[Opening INFORMATION PROVIDED section]

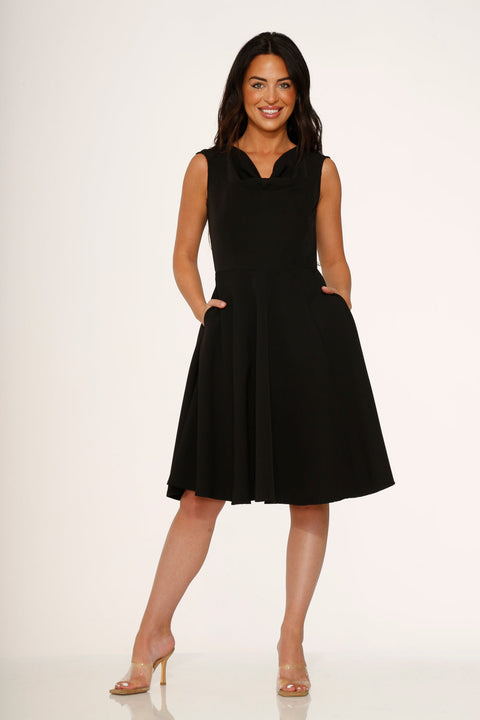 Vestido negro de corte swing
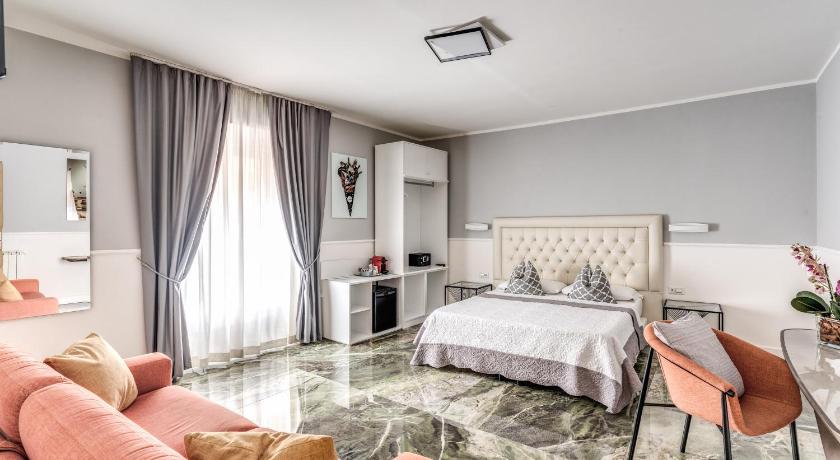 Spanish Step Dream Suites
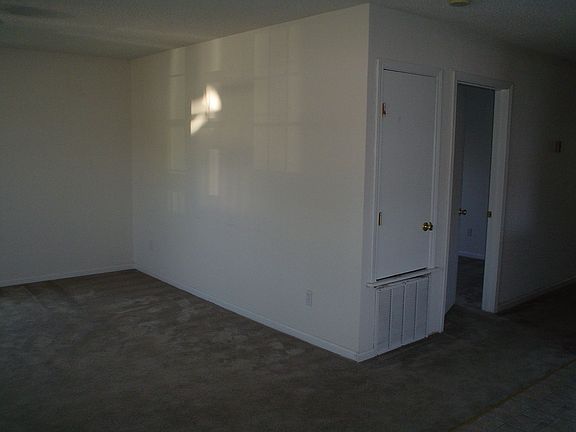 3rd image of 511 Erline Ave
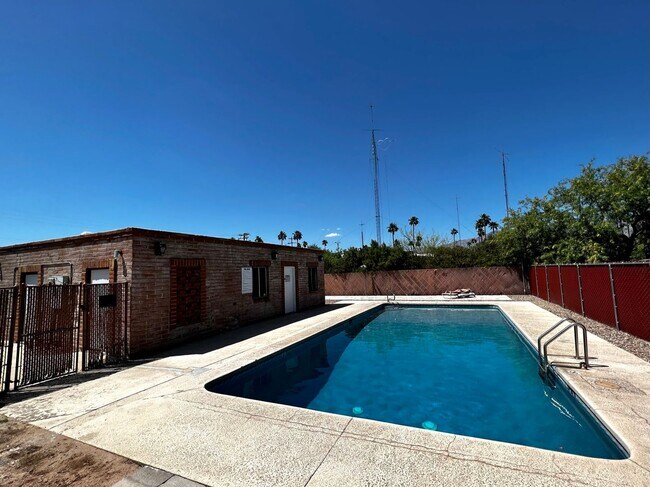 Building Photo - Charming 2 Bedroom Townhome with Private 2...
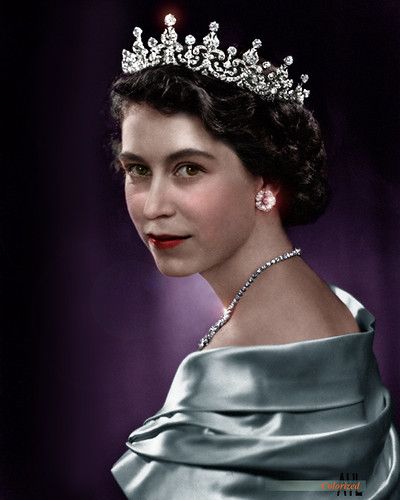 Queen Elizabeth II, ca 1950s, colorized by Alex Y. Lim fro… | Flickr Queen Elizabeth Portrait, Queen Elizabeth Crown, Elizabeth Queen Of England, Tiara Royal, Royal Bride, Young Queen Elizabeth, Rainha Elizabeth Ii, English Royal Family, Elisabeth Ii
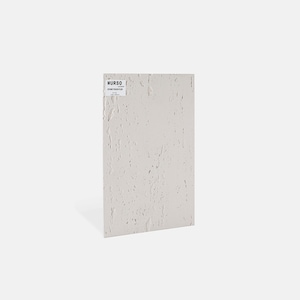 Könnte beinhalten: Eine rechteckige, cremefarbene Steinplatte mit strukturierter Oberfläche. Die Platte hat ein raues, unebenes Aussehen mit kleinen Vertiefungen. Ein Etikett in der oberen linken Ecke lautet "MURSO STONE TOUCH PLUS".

[Closing INFORMATION PROVIDED section]

_WHAT NEEDS TO BE DONE_: Your copy should hold exactly the lines from the one with "Spanish Step Dream Suites" through the final line of the records, both ends included, and no pictures.

_TASK RESPONSE_:
 Spanish Step Dream Suites
 3rd image of 511 Erline Ave
 Building Photo - Charming 2 Bedroom Townhome with Private 2...
 Queen Elizabeth II, ca 1950s, colorized by Alex Y. Lim fro… | Flickr Queen Elizabeth Portrait, Queen Elizabeth Crown, Elizabeth Queen Of England, Tiara Royal, Royal Bride, Young Queen Elizabeth, Rainha Elizabeth Ii, English Royal Family, Elisabeth Ii
 Könnte beinhalten: Eine rechteckige, cremefarbene Steinplatte mit strukturierter Oberfläche. Die Platte hat ein raues, unebenes Aussehen mit kleinen Vertiefungen. Ein Etikett in der oberen linken Ecke lautet "MURSO STONE TOUCH PLUS".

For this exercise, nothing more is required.